__DIRECTIONS FOR THIS TASK__. In the data below, repeat the line containing "Zara Trafaluc Grey" and every following line exactly, up to and including the last line. Exclude pictures.

Recorded data:
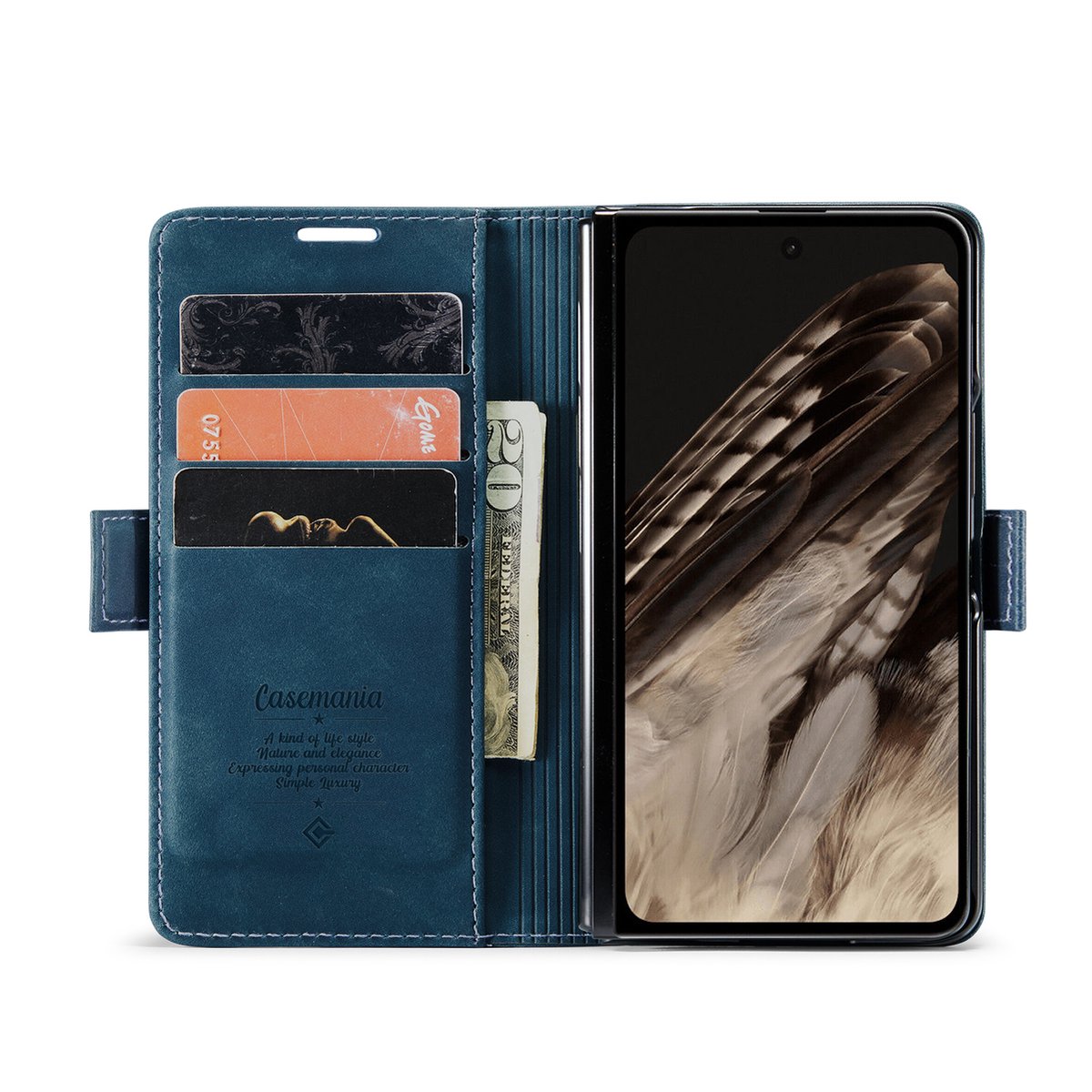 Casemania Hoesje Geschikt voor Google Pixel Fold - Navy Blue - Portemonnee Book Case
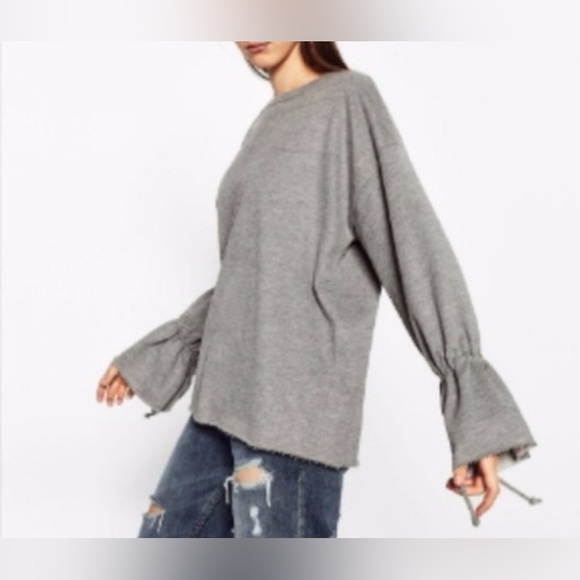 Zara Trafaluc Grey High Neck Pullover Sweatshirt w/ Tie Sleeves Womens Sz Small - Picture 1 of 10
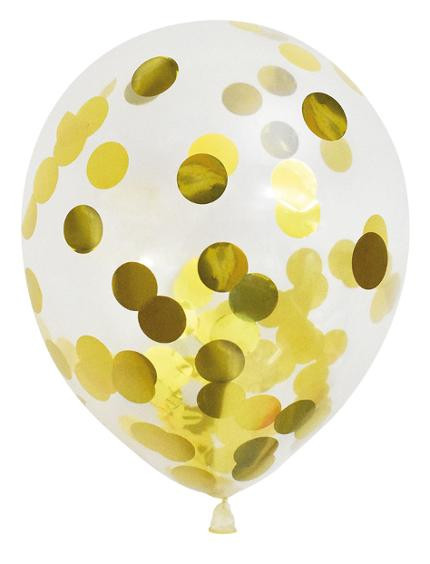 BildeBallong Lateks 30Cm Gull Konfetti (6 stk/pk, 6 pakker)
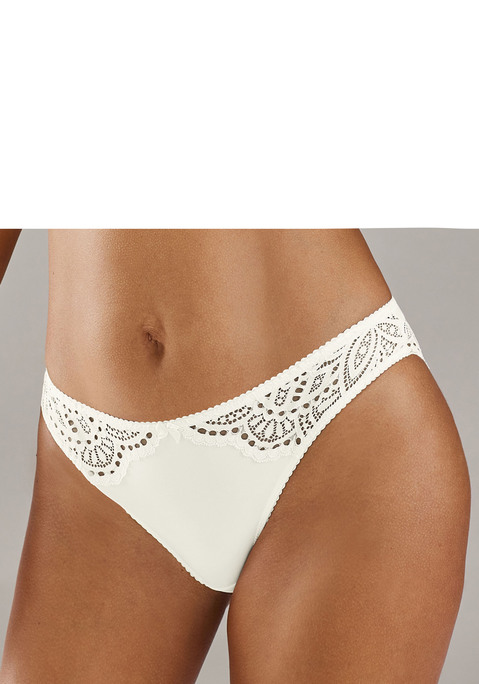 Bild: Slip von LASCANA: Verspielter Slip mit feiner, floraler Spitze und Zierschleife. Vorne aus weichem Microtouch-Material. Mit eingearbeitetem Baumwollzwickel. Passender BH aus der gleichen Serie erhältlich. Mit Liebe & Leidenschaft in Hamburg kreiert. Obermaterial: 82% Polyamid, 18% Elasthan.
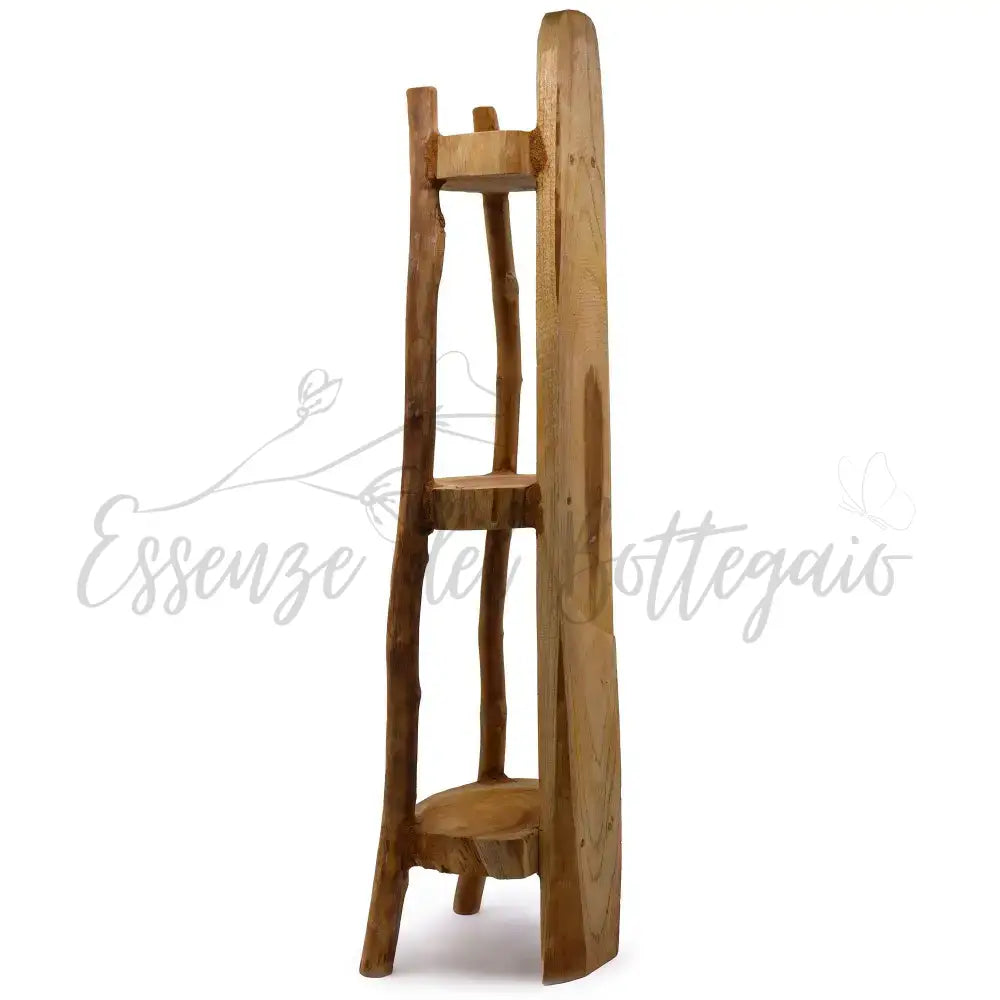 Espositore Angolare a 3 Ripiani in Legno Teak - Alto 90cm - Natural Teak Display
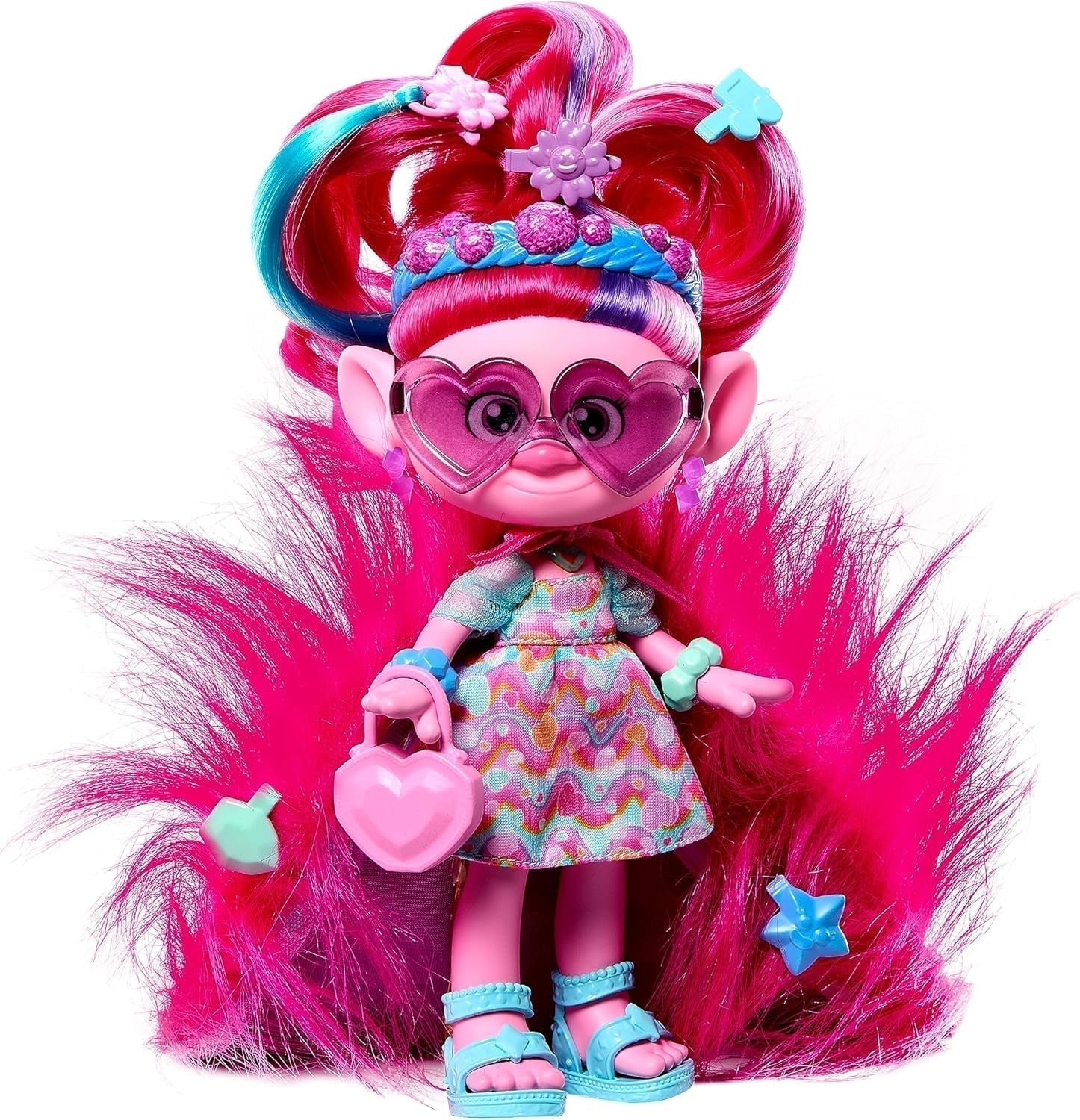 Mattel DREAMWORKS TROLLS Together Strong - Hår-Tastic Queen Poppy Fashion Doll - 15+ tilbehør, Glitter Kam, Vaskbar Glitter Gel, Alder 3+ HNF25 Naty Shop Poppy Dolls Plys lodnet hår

__SOLUTION TO THIS EXERCISE__.
 Zara Trafaluc Grey High Neck Pullover Sweatshirt w/ Tie Sleeves Womens Sz Small - Picture 1 of 10
 BildeBallong Lateks 30Cm Gull Konfetti (6 stk/pk, 6 pakker)
 Bild: Slip von LASCANA: Verspielter Slip mit feiner, floraler Spitze und Zierschleife. Vorne aus weichem Microtouch-Material. Mit eingearbeitetem Baumwollzwickel. Passender BH aus der gleichen Serie erhältlich. Mit Liebe & Leidenschaft in Hamburg kreiert. Obermaterial: 82% Polyamid, 18% Elasthan.
 Espositore Angolare a 3 Ripiani in Legno Teak - Alto 90cm - Natural Teak Display
 Mattel DREAMWORKS TROLLS Together Strong - Hår-Tastic Queen Poppy Fashion Doll - 15+ tilbehør, Glitter Kam, Vaskbar Glitter Gel, Alder 3+ HNF25 Naty Shop Poppy Dolls Plys lodnet hår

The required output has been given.